AK Parti Sözcüsü Ömer Çelik, Ankara Barosu'nun açıklamalarını eleştirdi ve "Tam bir faşist zihniyetin ürünü." ifadelerini kullandı. Çelik, "İnsanlık dışı çok metin gördüm, hukuk düşmanı çok metin gördüm ama Ankara Barosu'nun yayınladığı islamofobik, hukuk düşmanı, nefret düşmanı bir metin görmedim. Tüm bu çirkinliklerin ötesine geçen bir metin olmuştur." diye konuştu. Çelik, corona virüsle mücadeleye ilişkin de "Tedbirlere sıkı bir şekilde uyarsak Mayıs sonuna doğru normalleşmeyi konuşmaya başlayabileceğiz." dedi.

AK Parti Sözcüsü Çelik: Bu kadar çirkin, insanlık düşmanı metin görmedim

AK Parti Sözcüsü Ömer Çelik, partisinin MYK toplantısının ardından açıklamalarda bulundu.

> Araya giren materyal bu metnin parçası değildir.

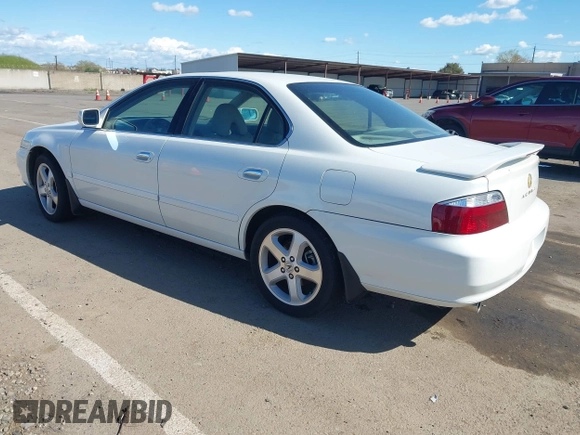 2003 Acura TL Type S with VIN 19UUA56893A064661, listed as a IAAI auction lot 41912817 with 152,039 mi miles. Bid and sale history available at carsss.com. Image 3.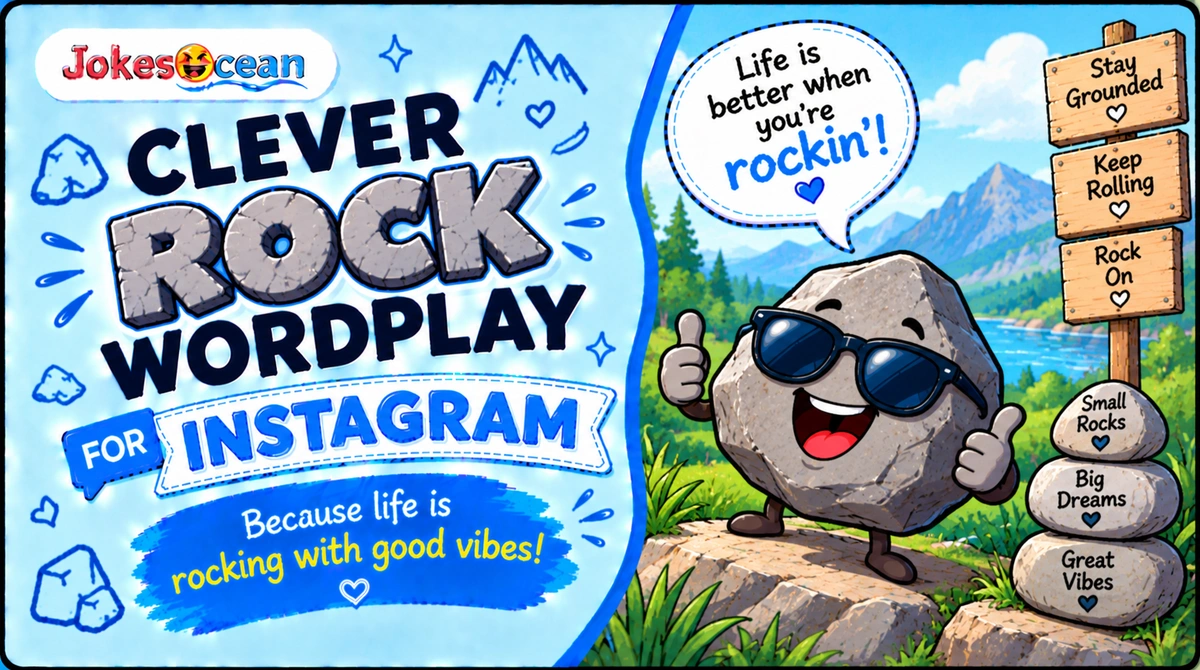 Clever Rock Wordplay for Instagram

Çelik'in açıklamalarından satır başları:

Sanatçılarımız insanlığı temsilen Ankara'nın 7 tepesinden 7 kıtaya seslendiler. Ramazan ayındayız. Aziz milletimizin mübarek günlerini kutluyoruz. Bir araya gelemezsek, birbirimizi tebrik edemesek de manevi günleri hepimiz yaşıyoruz. 1 Mayıs Emek ve Dayanışma Bayramı kutlanacak. Bütün emekçilerin bayramını kutluyoruz. Dün AK Parti Hükümeti'ne karşı yapılmak istenen muhtıra teşebbüsünün 27 Nisan'ın yıldönümüydü. 27 Nisan Türk siyasi tarihinde bir dönüm noktasıdır. İlk defa hükümet verilmek istenen muhtırayı kabul etmemiş, tebellüğ etmemiş ve iade etmiştir. Bunun üzerinde iyice durmak gerekir. Cumhurbaşkanlığı makamından tutun da milli eğitim politikalarına kadar muhtıra vermek söz konusuydu.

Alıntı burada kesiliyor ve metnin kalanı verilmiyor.